Each adapter is responsible for providing stats by implementing Nebulex.Adapter.Stats behaviour. Nevertheless, Nebulex provides a default implementation using Erlang counters, which is supported by the built-in adapters (with all callbacks overridable).

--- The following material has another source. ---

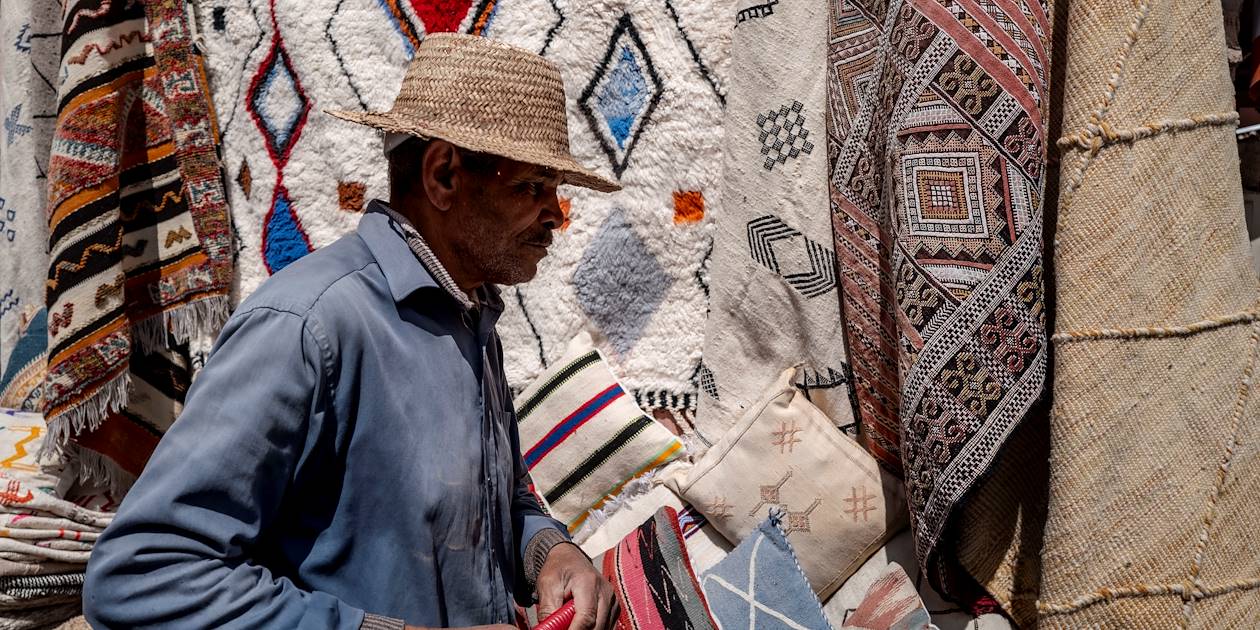 Tapis berbères sur le souk - Marrakech - Maroc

See Nebulex.Adapter.Stats for more information.

Furthermore, when the :stats option is enabled, we can use Telemetry for emitting the current stat values.

First of all, let's configure the dependencies adding :telemetry_metrics and :telemetry_poller packages:

def deps do
  [
    {:nebulex, "2.0"},
    {:shards, "~> 1.0"},
    {:decorator, "~> 1.3"},
    {:telemetry, "~> 0.4"},
    {:telemetry_metrics, "~> 0.6"},
    {:telemetry_poller, "~> 0.5"}
  ]
end

Then define the cache and add the configuration:

defmodule MyApp.Cache do
  use Nebulex.Cache,
    otp_app: :my_app,
    adapter: Nebulex.Adapters.Local
end

Could be configured:

config :my_app, MyApp.Cache,
  stats: true,
  backend: :shards,
  gc_interval: 86_400_000,
  max_size: 1_000_000,
  gc_cleanup_min_timeout: 10_000,
  gc_cleanup_max_timeout: 900_000

Create your Telemetry supervisor at lib/my_app/telemetry.ex:

# lib/my_app/telemetry.ex
defmodule MyApp.Telemetry do
  use Supervisor
  import Telemetry.Metrics

  def start_link(arg) do
    Supervisor.start_link(__MODULE__, arg, name: __MODULE__)
  end

  def init(_arg) do
    children = [
      # Configure `:telemetry_poller` for reporting the cache stats
      {:telemetry_poller, measurements: periodic_measurements(), period: 10_000},

      # For example, we use the console reporter, but you can change it.
      # See `:telemetry_metrics` for for information.
      {Telemetry.Metrics.ConsoleReporter, metrics: metrics()}
    ]

    Supervisor.init(children, strategy: :one_for_one)
  end

  defp metrics do
    [
      # Nebulex Stats Metrics
      last_value("nebulex.cache.stats.hits", tags: [:cache]),
      last_value("nebulex.cache.stats.misses", tags: [:cache]),
      last_value("nebulex.cache.stats.writes", tags: [:cache]),
      last_value("nebulex.cache.stats.updates", tags: [:cache]),
      last_value("nebulex.cache.stats.evictions", tags: [:cache]),
      last_value("nebulex.cache.stats.expirations", tags: [:cache]),

      # VM Metrics
      summary("vm.memory.total", unit: {:byte, :kilobyte}),
      summary("vm.total_run_queue_lengths.total"),
      summary("vm.total_run_queue_lengths.cpu"),
      summary("vm.total_run_queue_lengths.io")
    ]
  end

  defp periodic_measurements do
    [
      {MyApp.Cache, :dispatch_stats, []}
    ]
  end
end

Make sure to replace MyApp by your actual application name.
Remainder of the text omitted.